One of Ben’s early roles was as Barney Watson in Paul Abbott’s Clocking Off, set in a Manchester textile factory, with each episode focusing on the home life of a different character.
“Clocking Off was one of my favourite jobs,” Ben says. “It’s hard to mess up scripts like that when you’ve got the likes of Paul Abbott writing for you. It felt really fresh at the time. It’s still a brilliant TV series and it showed other producers and writers how they could incorporate the Play For Today formula within a longer running series.”
“My lasting memories of that though are the friends I made. Tony Mooney, Jack Deam and Will Ash. I still think the world of them. Towards the end of filming series four, my Dad died. I rang them the next day.
“I didn’t ask them, but that evening they all turned up, at the family home and we sat in the garden with my Mum and my sister and my niece. It was this beautiful August evening and everything had been turned upside down but we drank beers and talked and laughed.”
As for Ben’s most recent projects, he currently divides his time between acting, stand-up comedy and writing for radio.

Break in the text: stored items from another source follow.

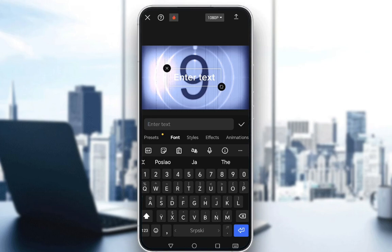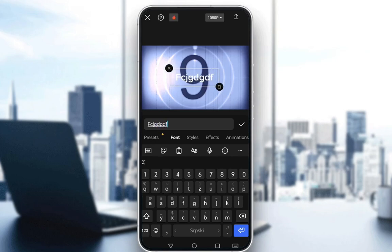There is no actual option to get an Arabic keyboard in CapCut, so you do need to install it on your device first. You can do this by going into your language settings on your device and downloading the Arabic script pack if you don't already have it. Once you have it installed, all you have to do is enter the text that you wish.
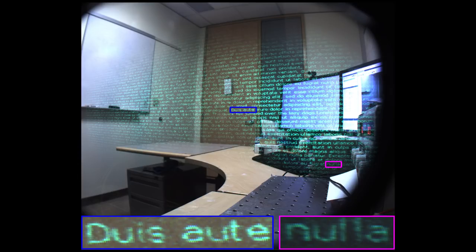Our compact wide field of view displays may be used for a variety of augmented reality applications. Thank you.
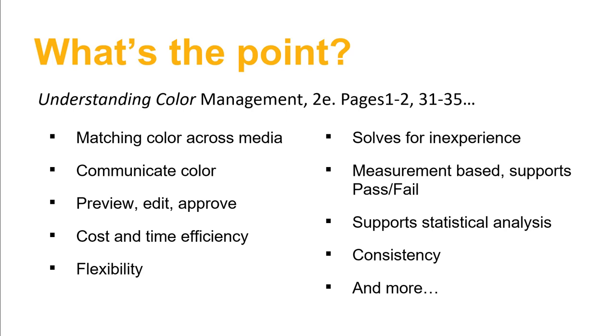One thing that we should be aware of is that having an effective color management system helps solve for inexperience. Instead of an expert that can eyeball a print or proof on a screen, you can have a novice or someone like me who can't tell colors apart to save their life, take a device and just hold that device up and measure that color and tell you whether it's pass or fail. It's instrument-based, it's scientific measurement, which takes a lot of the guesswork out of that. You don't need somebody that's an artist in terms of color to be able to analyze whether color is accurate or correct or not.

“I’ve been doing more stand-up, mainly round the north east”, he says. “I finally got round to doing my first hour length show in December. I’m writing a Christmas play for Radio 4 which I’ll be recording back in Manchester later in the year.
“Plus I’m hoping to do another Soundtrack show for BBC Radio Newcastle – I did a bank holiday special recently where I got to talk about and play some of my favourite TV and film soundtracks, which I loved doing.”
The Bells screens on Sunday 19th May at HOME as part of Pilot Light TV Festival’s Game of Thrones: The (Almost) Final Night.